There are three other building blocks that can be of use in the boundary element method, and depending on the problem and the choice of the formulation a boundary integral method makes use of one or a combination of these building blocks:

the Double Layer Operator \(\mathcal{DL}\):

\[p, q \mapsto \mathcal{DL}(p,q) = \int_{\Gamma \times \Gamma} p(\boldsymbol{x}) q(\boldsymbol{y}) \frac{\partial}{\partial \boldsymbol{n} (\boldsymbol{y})} \mathcal{G}(\boldsymbol{x - y}) d \sigma(\boldsymbol{x,y})\]

the Transpose Double Layer Operator \(\mathcal{TDL}\):

\[p, q \mapsto \mathcal{TDL}(p,q) = \int_{\Gamma \times \Gamma} p(\boldsymbol{x}) q(\boldsymbol{y}) \frac{\partial}{\partial \boldsymbol{n} (\boldsymbol{x})} \mathcal{G}(\boldsymbol{x - y}) d \sigma(\boldsymbol{x,y})\]

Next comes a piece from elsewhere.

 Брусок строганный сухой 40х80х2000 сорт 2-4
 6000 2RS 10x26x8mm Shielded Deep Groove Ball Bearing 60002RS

the Hypersingular Operator \(\mathcal{HS}\):

\[p, q \mapsto \mathcal{HS}(p,q) = \int_{\Gamma \times \Gamma} p(\boldsymbol{x}) q(\boldsymbol{y}) \frac{\partial}{\partial \boldsymbol{n} (\boldsymbol{x})} \frac{\partial}{\partial \boldsymbol{n} (\boldsymbol{y})} \mathcal{G}(\boldsymbol{x - y}) d \sigma(\boldsymbol{x,y})\]

the BEMTool library

In order to compute the coefficients of the BEM matrix, FreeFEM is interfaced with the boundary element library BEMTool. BEMTool is a general purpose header-only C++ library written by Xavier Claeys, which handles

BEM Potentials and Operators for Laplace, Yukawa, Helmholtz and Maxwell equations
both in 2D and in 3D
1D, 2D and 3D triangulations
\(\mathbb{P}_k\)-Lagrange for \(k = 0,1,2\) and surface \(\mathbb{RT}_0\)

Hierarchical matrices

Although BEMTool can compute the BEM matrix coefficients by accurately and efficiently evaluating the boundary integral operator, it is very costly and often prohibitive to compute and store all \(N^2\) coefficients of the matrix. Thus, we have to rely on a matrix compression technique. To do so, FreeFEM relies on the Hierarchical Matrix, or H-Matrix format.

Low-rank approximation

Let \(\textbf{B} \in \mathbb{C}^{N \times N}\) be a dense matrix. Assume that \(\textbf{B}\) can be written as follows:

\[\textbf{B} = \sum_{j=1}^r \textbf{u}_j \textbf{v}_j^T\]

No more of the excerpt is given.